Rezensentin Cornelia Geißler erkennt, dass sich Davide Enia auf die Perspektive der italienischer Retter beschränkt, wenn er über die Dramen berichtet, die sich  auf und vor Lampedusa abspielen. Mit Geflüchteten und Geretteten hat er nicht gesprochen. Auch sein persönlicher Zugang scheint der Rezensentin eher Geschmackssache. Doch was der italienische Dramatiker von seinen Gesprächen mit Rettern und Helfern berichtet, geht so tief unter die Haut, dass die Rezensentin ihre Empfehlung auch als Warnung verstanden wissen will. Ein Taucher berichtet unter Tränen von der Angst, bei einem Einsatz nicht alle retten zu können, wie Geißler bedrückt referiert, ein Kapitän der Küstenwache erzählt, wie sie einmal 1.300 Menschen mit versteiften Gliedmaßen aus einem Boot hieven mussten, nur mit der Kraft ihrer Arme. Am Ende fragt sich die Rezensentin, ob die Erfahrungen, die die Menschen auf Lampedusa teilen, sich vergleichen lassen mit den Schreckenserlebnissen, die Menschen im Krieg zusammenschweißen.

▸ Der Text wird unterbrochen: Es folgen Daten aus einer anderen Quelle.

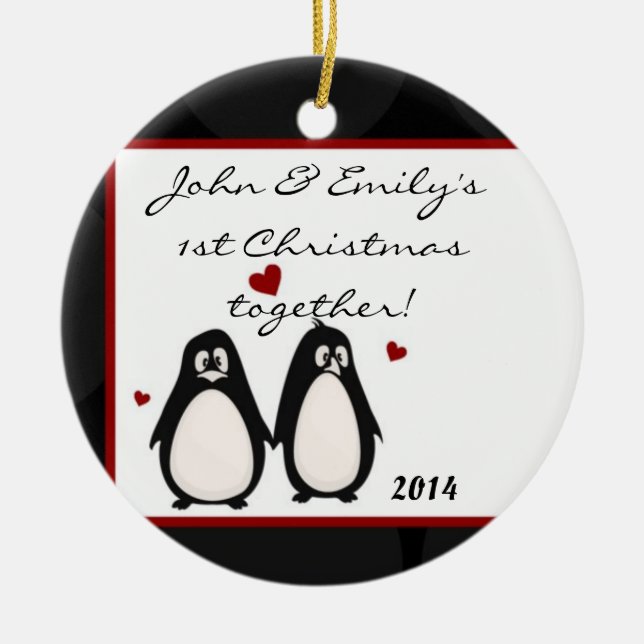 Ornamento de nombre personal de Penguins Mate for  (Frente)
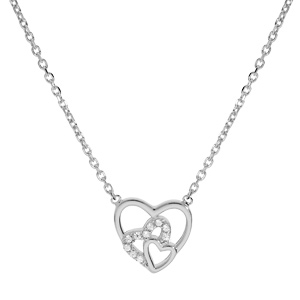 Collier en argent rhodié chaîne avec pendentif coeurs et oxydes blancs sertis 38+4cm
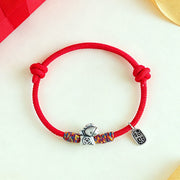 Buddha Stones 999 Sterling Silver Year Of The Horse Fu Character Attract Fortune String Rope Luck Bracelet - image 11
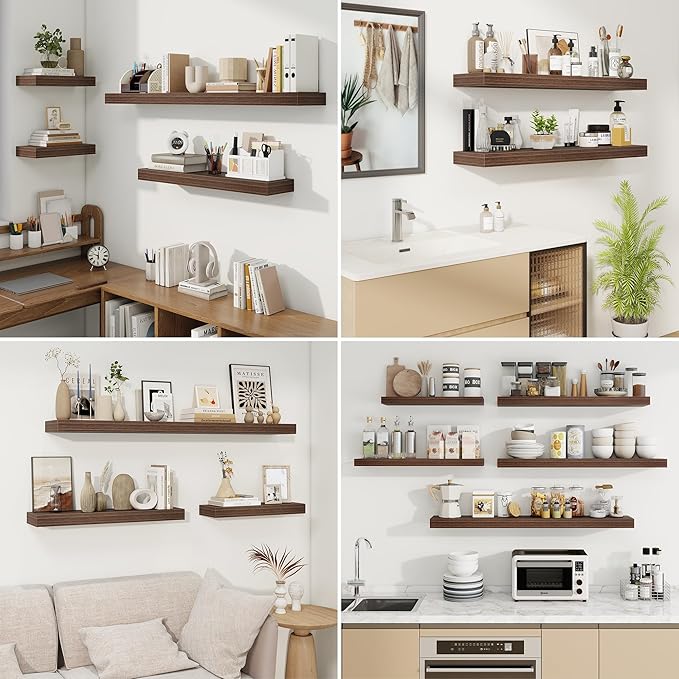 fuqing Floating Shelves for Wall, Bathroom Shelf Wall Mounted for Storage, Shelves with Invisible Bracket for Bedroom, Kitchen, Living Room, Farmhouse Small Book Shelf, 36 Inch Set of 2, Walnut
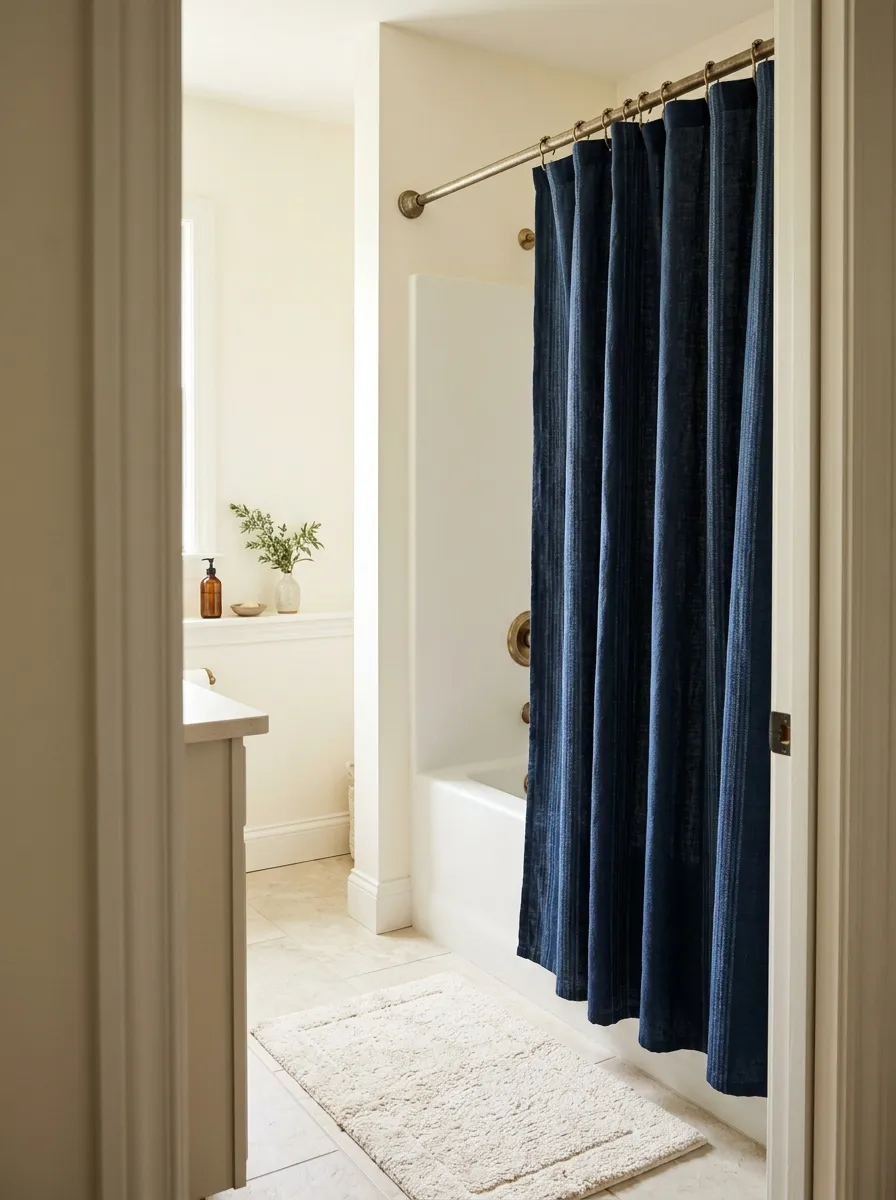 Navy Shower Curtain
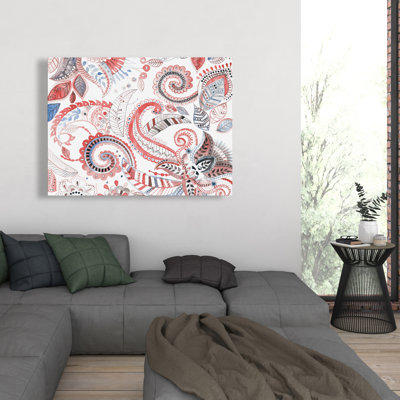 Paisley Pattern - Coral Patterns Canvas for Home Decor
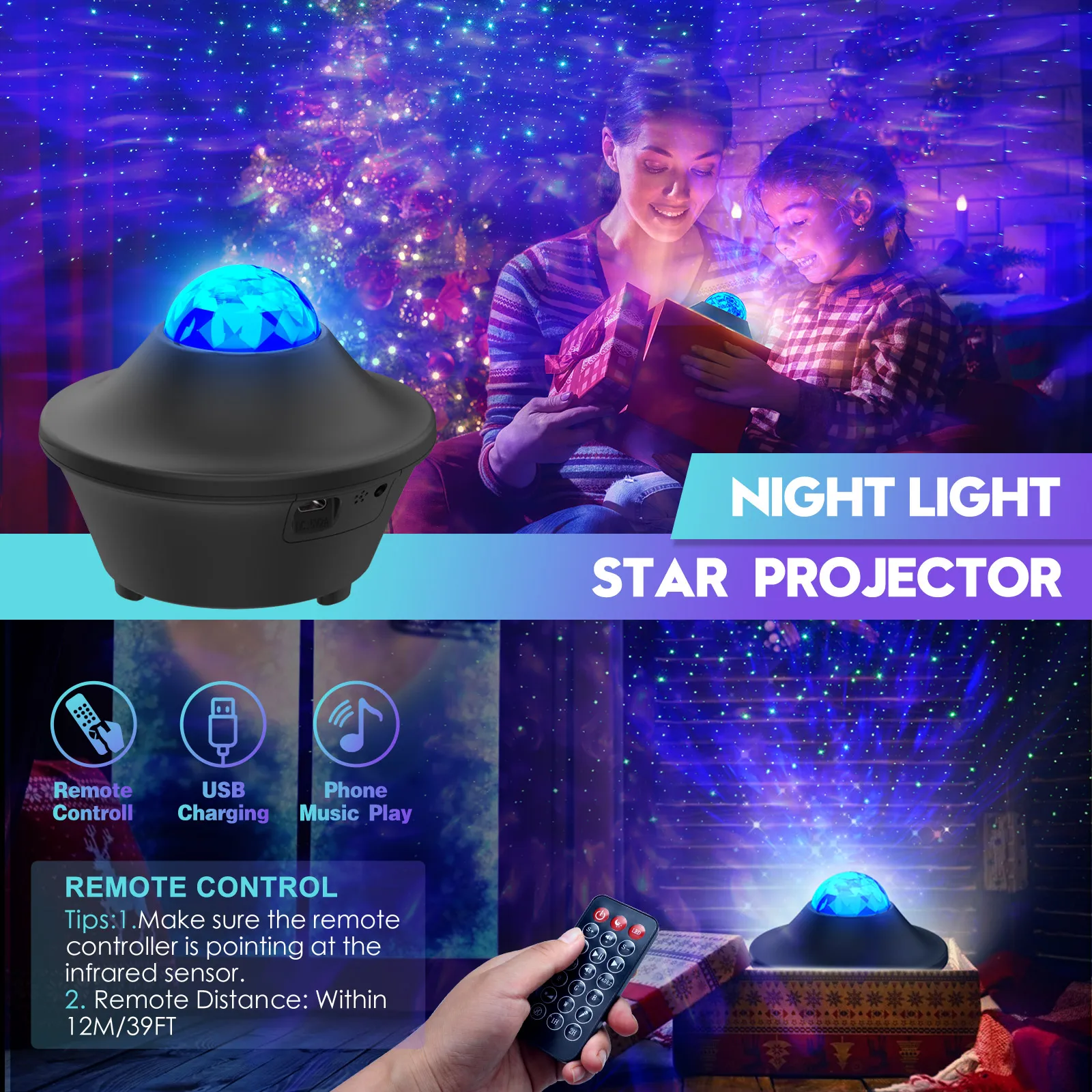 Colorful Starry Sky Galaxy Projector Nightlight Child Bluetooth Music Player Star Night Light Romantic Projection Lamp Kids Gift | Лампы и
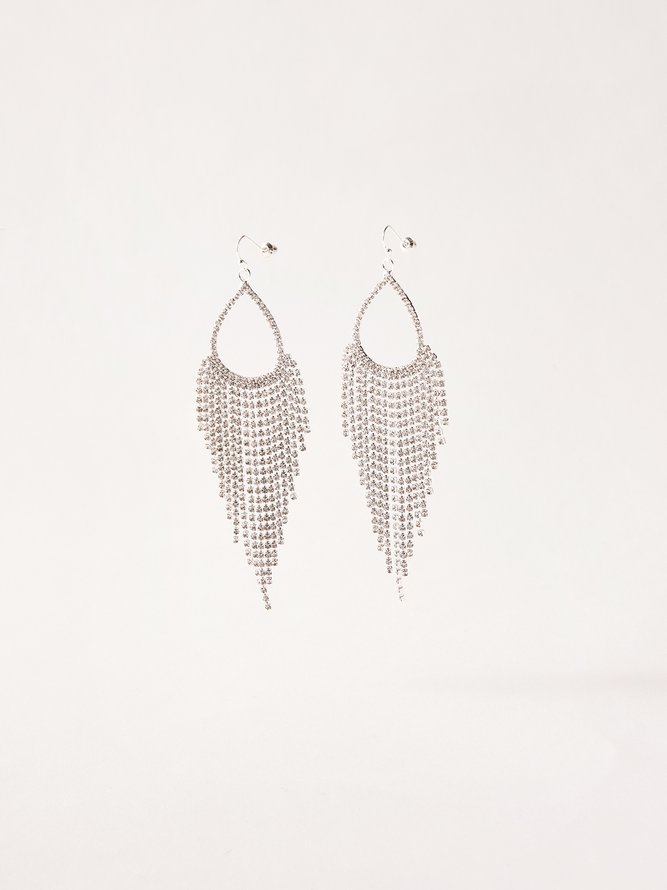 Elegant Metal Diamond Tassel Earrings Party Wedding Female Jewelry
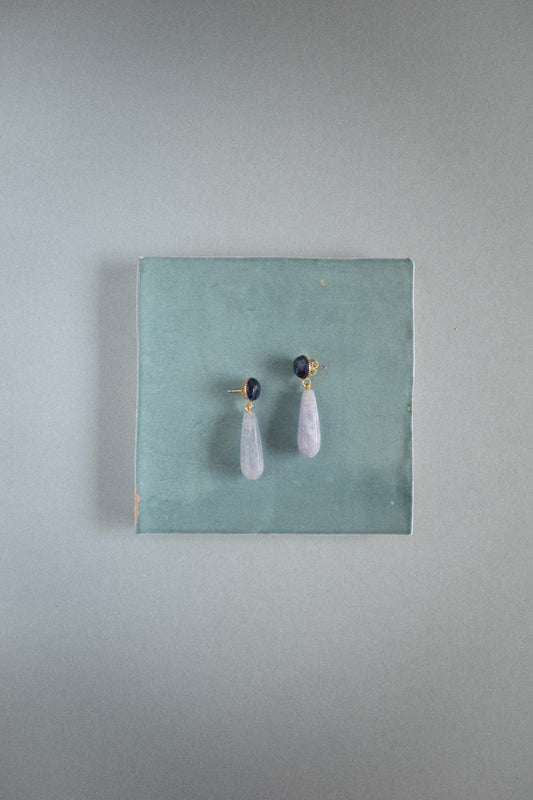 Boucles d’oreilles Sève bleue | Pendantes en pierre naturelle goutte bleue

Rezensionsnotiz zu Frankfurter Allgemeine Zeitung, 12.03.2019

Ursula Scheer wäre beinahe ausgestiegen aus Davide Enias Roman. Zu kitschig wird es ihr in dem Text, der ihrer Meinung nach stellenweise auch gut von einem mittelmäßigen Reiseschriftsteller stammen könnte, einem, der keine Skrupel hat, fremdes Leid allzu wortreich mit intimen eigenen Gedanken zu garnieren. Nur gut, dass Enia doch mehr kann, als die persönliche Geschichte vom Sterben seines geliebten Onkels gegen das Schicksal der Migranten vor seiner Heimatinsel Lampedusa zu schneiden. Wenn der Autor schließlich Flüchtlingsperspektiven zulässt und seine Figuren in direkter Rede sprechen lässt, weiß Scheer wieder, worum es eigentlich geht.